Well, I've rationalised my Google accounts. In February 2009 my internet was being provided by an outfit called Tiscali, a company long since taken over by a bigger fish in the communications industry. I had a picturesque email address - driftwoodbeach@tiscali.co.uk - and the blog was set up using that address. Later, in May 2011, I began to use Google's Chrome browser. I set it up with the Gmail address I had by then - lucymelford@gmail.com. That Gmail address became the name of my main Google account, and therefore the prime portal for everything provided to me by Google to my desktop PC, laptop, and (from 2012) my Android tablet and phone. Except the blog. That stayed where it was, at the old Tiscali address, which had become a secondary Google account.
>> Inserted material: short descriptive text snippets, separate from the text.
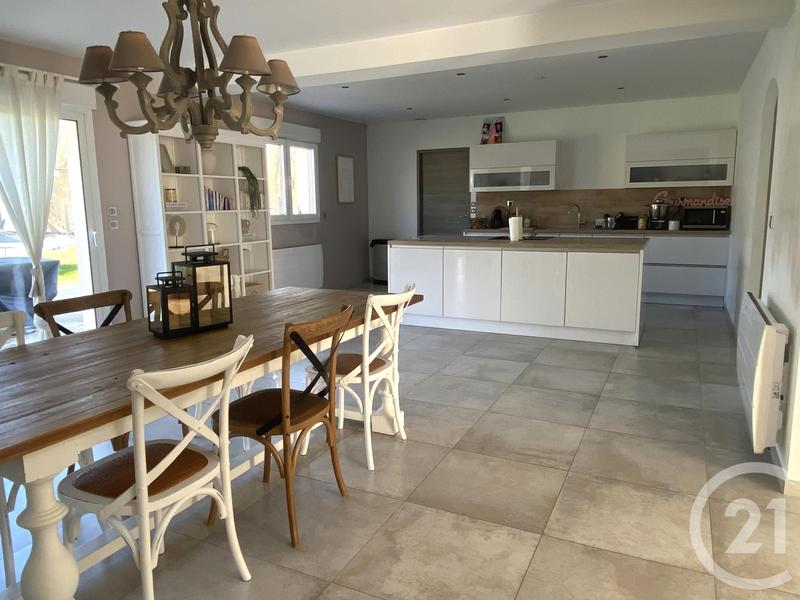 Maison - 242 m² - 8 pièces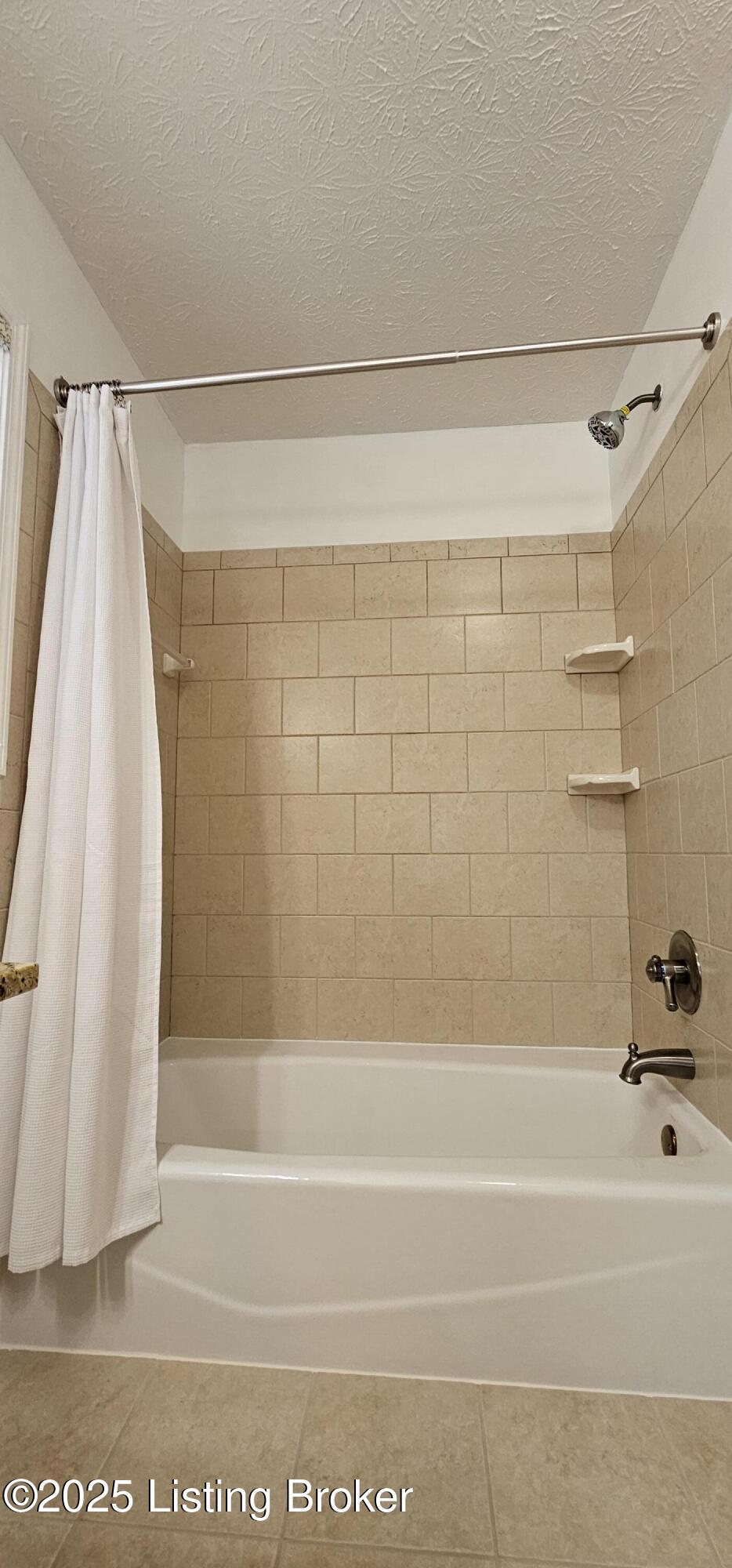 9103 Bingham View Ct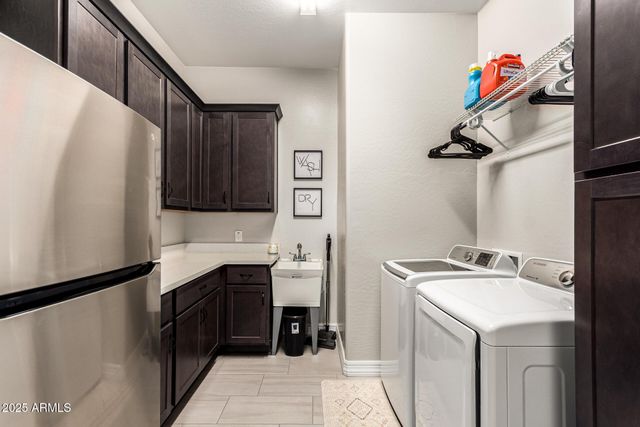 2570 E THORNTON Court, Gilbert, AZ 85297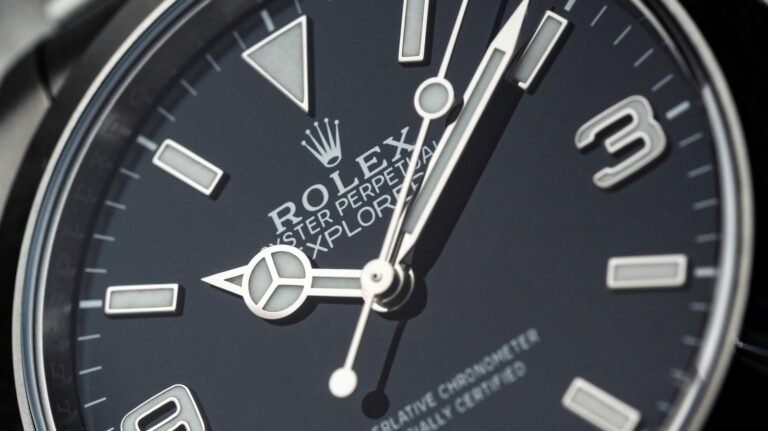 Here’s How A Rolex Watch Runs Without A Battery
As the years passed, having the blog in a separate account, set apart from the rest of my Google stuff, became more and more awkward. And occasionally it was a nuisance, when for instance I was away from home and for some reason I couldn't sign into driftwoodbeach@tiscali.co.uk address, even though lucymelford@gmail.com was readily available.
I began to wonder whether the blog might become orphaned at some point, should Google proceed with some rationalisation of its own, and wipe it all by design or blunder. I had of course a complete backup of every post in a long series of monthly Word documents, but copying the content of those into a brand new blog would be a truly monumental task.
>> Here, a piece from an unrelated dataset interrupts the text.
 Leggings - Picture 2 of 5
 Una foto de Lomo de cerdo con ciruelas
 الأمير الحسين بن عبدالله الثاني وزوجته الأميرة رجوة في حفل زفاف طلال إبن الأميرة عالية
I really wanted to shift the entire blog from the driftwoodbeach account to the main one. But I suspected that it wouldn't be easy.
I was both right and wrong. Wrong, because there is in fact a proper procedure for lifting a blog out of one Google account and dropping it into another. In principle, it's dead simple. But I was also right, because in practice it's tricky to carry out every straightforward little step without a daft slip-up. I got it correct on my ninth attempt.
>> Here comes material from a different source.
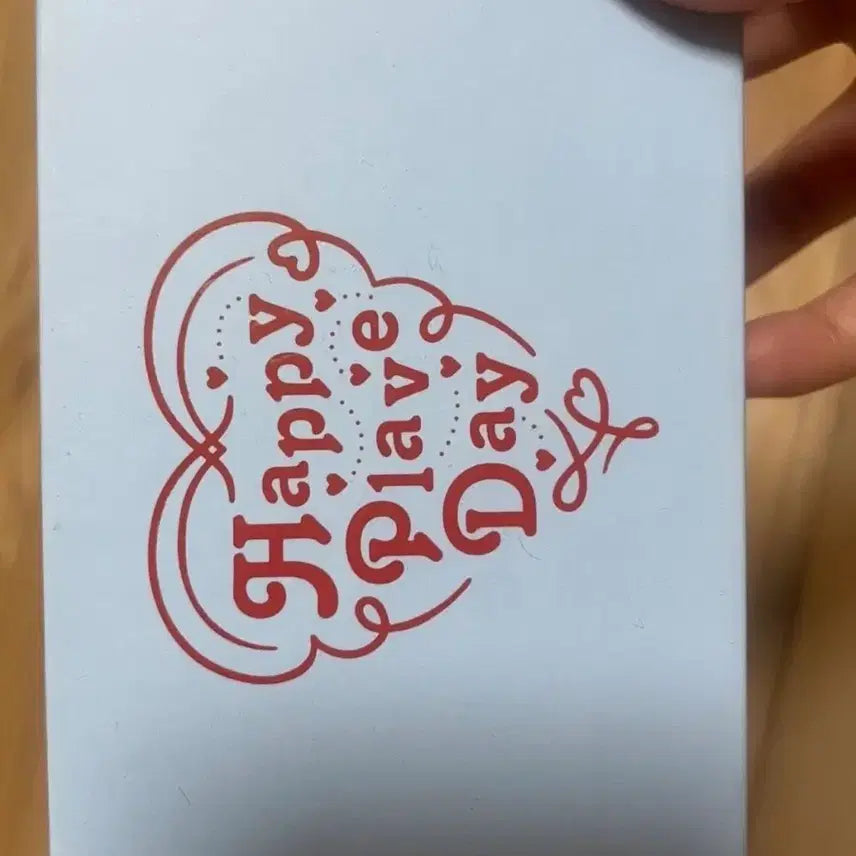 [BUNJANG] PLAVE 2nd Anniversary Badge / 플레이브 2주년 뱃지 미사용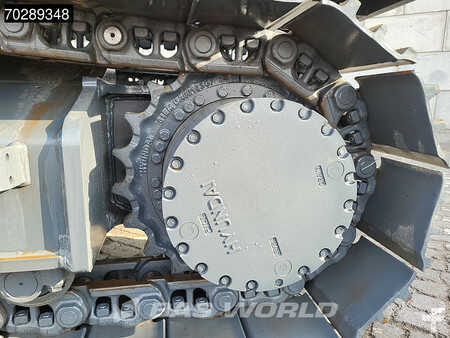 Koparki gąsienicowe 2025 Hyundai R210 (28)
What you have to do is get yourself (as the owner of another Gmail account) set up as co-author of the blog. You send an emailed invitation to yourself as the 'new' co-author (in my case at lucymelford@gmail,com), and accept it. The blog settings then show two author accounts, yourself as administrator of the blog, and yourself as the new co-author. You then swap the admin role to the new co-author account. She (that's myself at lucymelford@gmail.com) now acquires full admin rights - including control of what the blog looks like, and all final editorial control. And that's that. Getting the sequence of actions absolutely correct, in order to achieve this end, wasn't so easy. But it's done.
So now everything is conveniently handled by one Google account.
The driftwoodbeach@tiscali account is redundant. I won't delete it yet, just in case I still haven't quite made a mistake-free blog transfer. And I may never delete it, as it might be useful to have an established but 'empty' account ready for some other use. No doubt, however, I will get a message at some point from Google, warning me that they will automatically bin that old account if it remains unused for more than six months.
Will readers notice any practical difference? I don't think so.
If anybody wants to delve into what I was writing years ago, they still can. It's all still there. But, you know, human nature being what it is, I suspect that nobody does. Nor ever will, not unless I become infamous for some unforeseen reason.
Sequel
I've deleted the old driftwoodbeach account. My phone wouldn't show me the new Gmail-account version - only the old one, and yet wouldn't sign me out of it. So it had to go. I deleted it from the laptop, and everything then defaulted to the Gmail account, including what I saw on the phone.
Goodbye driftwoodbeach. At least, goodbye in Googleland.